By the time in the late 1920s that Shortridge became known as the “Blue Devils,” two new city highs schools had selected school colors and adopted a nickname. George Washington High School teams, clad in purple and white, met their foes as the Continentals and Crispus Attucks High School athletes took to the field and court as the Tigers wearing green and yellow. In 1929, the staff of the Riparian, Broad Ripple High School’s yearbook, sponsored a naming contest for a school nickname and junior Mary Elizabeth Sawyer won with “Rockets.” A cartoon characterization of a rocket in the school colors of orange and black became the mascot “Rippy.”

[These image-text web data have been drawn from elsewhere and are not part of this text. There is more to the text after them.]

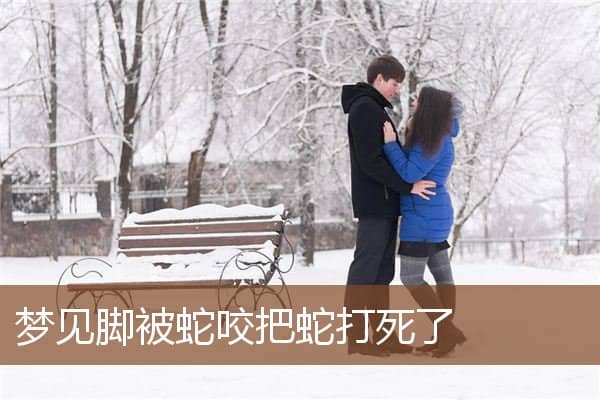 梦见脚被蛇咬把蛇打死了是什么意思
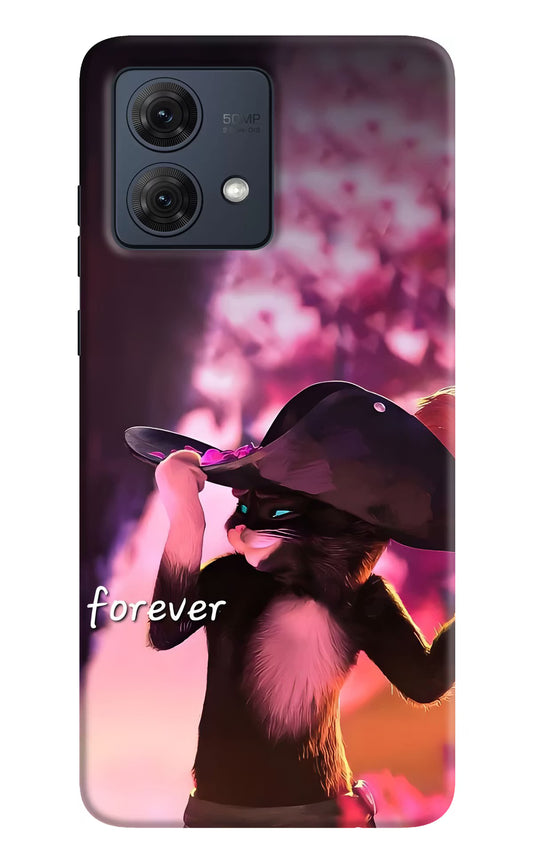 Forever Cat Moto G84 5G Hard Case Back Cover by Casekaro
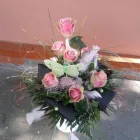 14 üzleti kép VIRÁG-KUCKÓ Üzleti szolgáltatások ban/ben Miskolc BZ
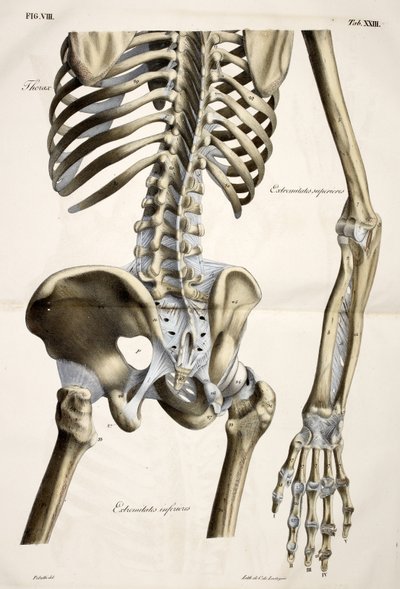 Tórax, de Placas anatómicas del cuerpo humano ejecutadas según dimensiones naturales, acompañadas de un texto explicativo Publicado por el cte de Lasteyrie de French School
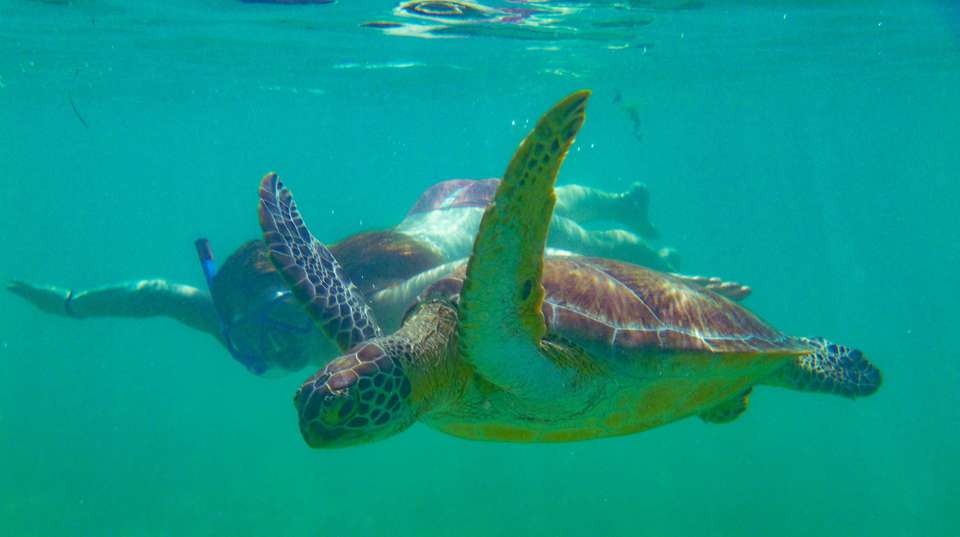 Philippines Grand Tour See & Experience it all in 14 days - Charliethetraveler - Philippines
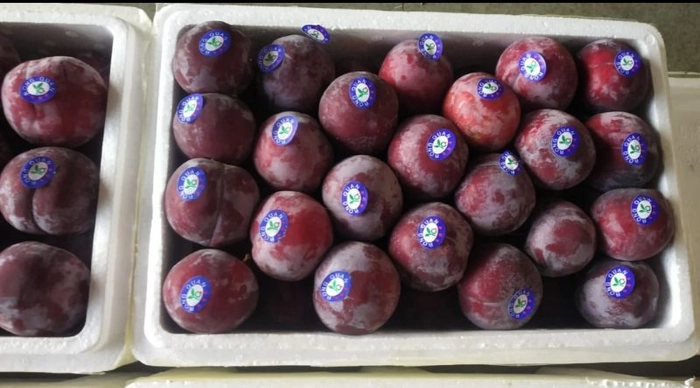 Plum (पल्म)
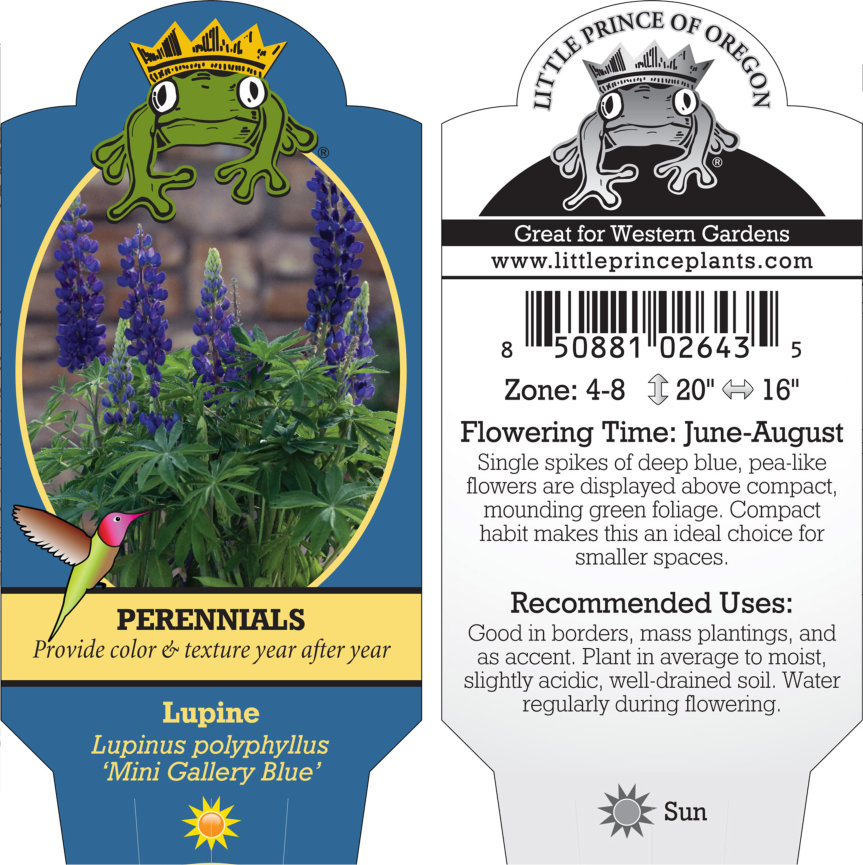 Lupinus polyphyllus 'Mini Gallery Blue' - Lupine (4" Pot)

For 110 years the green and white colors of Arsenal Technical High School, the third Indianapolis city high school, have taken to the gridiron and hardwood. For decades, the athletic teams from the grounds of the old federal arsenal carried the moniker “Greenclads” until 1961 when the student body officially voted to change the nickname to “Titans.” Before a game with Scecina, the new label was introduced to fans on the Tech field when a sparkle of glimmering fireworks instantaneously pierced the darkness spelling out “T-i-t-a-n-s.”
As the Indianapolis school population grew, new high schools were built. Thomas Carr Howe High School opened in 1938 to serve the Irvington area and the student council picked brown and gold for the school colors and “Hornets” for the nickname. When the new Emmerich Manual Training High School building opened in 1953, the former school building became Harry E. Wood High School. Known as the “Woodchucks,” the athletic teams wore purple and gold in their contests with other schools.

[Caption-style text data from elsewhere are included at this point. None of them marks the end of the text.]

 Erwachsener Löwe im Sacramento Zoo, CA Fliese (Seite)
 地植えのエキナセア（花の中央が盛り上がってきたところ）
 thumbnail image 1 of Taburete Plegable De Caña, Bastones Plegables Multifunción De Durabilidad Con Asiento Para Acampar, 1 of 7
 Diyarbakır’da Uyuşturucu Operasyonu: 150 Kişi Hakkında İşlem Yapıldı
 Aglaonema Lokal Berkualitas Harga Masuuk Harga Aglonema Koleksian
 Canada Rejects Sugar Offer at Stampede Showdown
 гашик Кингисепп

The 1960s saw the last expansion of Indianapolis public high schools with Arlington High School opening in 1961. While the black and gold school colors wore well with the nickname “Golden Knights,” many thought the title “rather stiff” and would have preferred “Arlington Archers.” Two years later under the colors of green and silver, Northwest High School became known as Space Pioneers reflecting America’s reach for the Cosmos. The eleventh and last IPS secondary school, John Marshall High School, opened in the fall of 1967 bearing the moniker “Patriots.” On the athletic field, the “Fighting Patriots” met their foes in red, white, and blue.
Not all high school nicknames and mascots are without controversy, especially those with Native American monikers and images. Locally, Emmerich Manual Training High School, with its red and white colors, was known as the “Redskins” for over ninety years, and at athletic contests a student mascot dressed as an “Indian princess” clad in buckskin unabashedly performed with the cheerleaders. In recent times, the use of the nickname divided the alumni, but the issue was resolved in 2021 when the sports teams of Christel House and Manual (which are in the same building) merged under the new name Christel House at Manual High School. The blue and gold Christel House colors and the red and white of Manual have been incorporated in the new Eagle mascot and logo.
For decades these mascots of the eleven historic IPS high schools competed on the sidelines while their teams competed on the fields and courts.